● Task item: From the line with "1 Bed Flat - Sleeps 2 - Parking - Wifi" through the line with "Club Gimnastics de", inclusive, return each line of the data below exactly and leave the rest out.

● Dataset records:
........
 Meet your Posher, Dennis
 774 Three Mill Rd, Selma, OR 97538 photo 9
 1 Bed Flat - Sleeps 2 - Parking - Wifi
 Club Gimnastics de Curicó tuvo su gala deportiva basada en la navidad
........
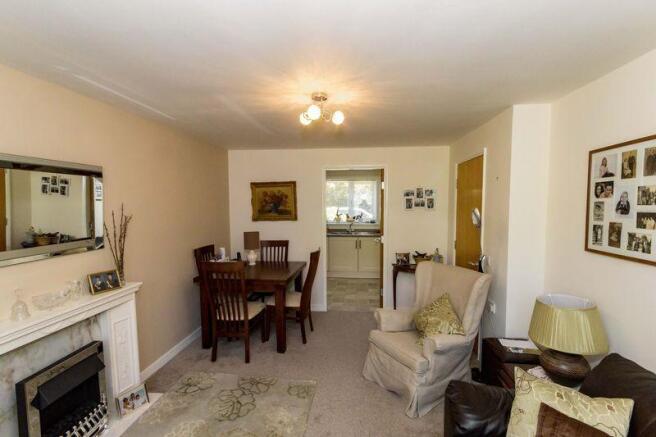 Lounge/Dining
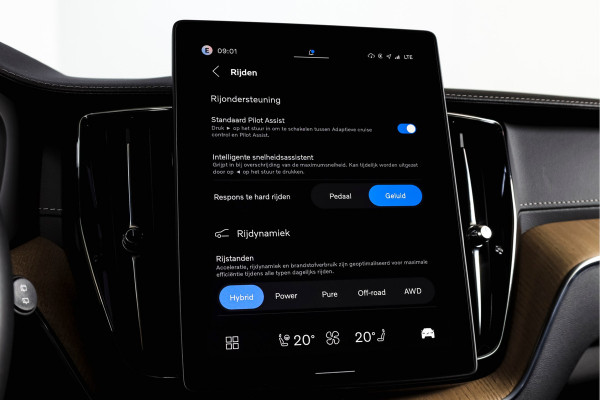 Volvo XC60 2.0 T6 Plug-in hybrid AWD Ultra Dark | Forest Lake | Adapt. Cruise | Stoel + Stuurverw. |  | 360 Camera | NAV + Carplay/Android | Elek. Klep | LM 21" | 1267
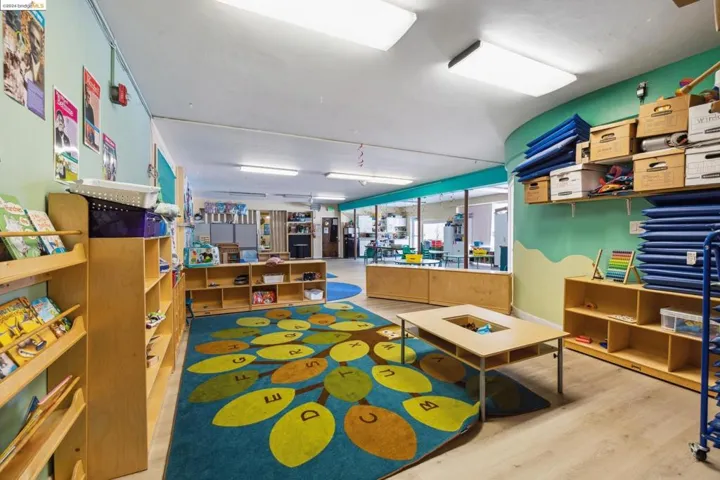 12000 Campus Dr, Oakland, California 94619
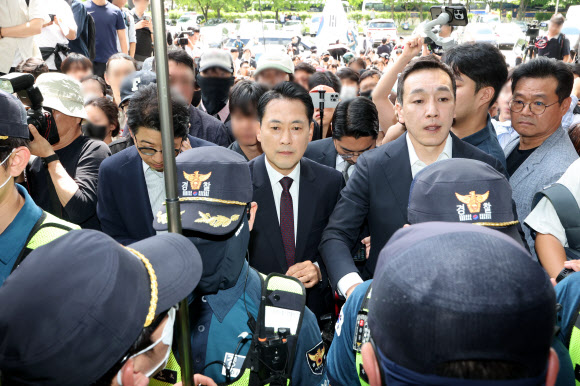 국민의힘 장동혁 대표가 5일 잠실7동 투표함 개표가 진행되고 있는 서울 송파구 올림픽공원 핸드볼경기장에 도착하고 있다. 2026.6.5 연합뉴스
........
● Result for this task:
 1 Bed Flat - Sleeps 2 - Parking - Wifi
 Club Gimnastics de Curicó tuvo su gala deportiva basada en la navidad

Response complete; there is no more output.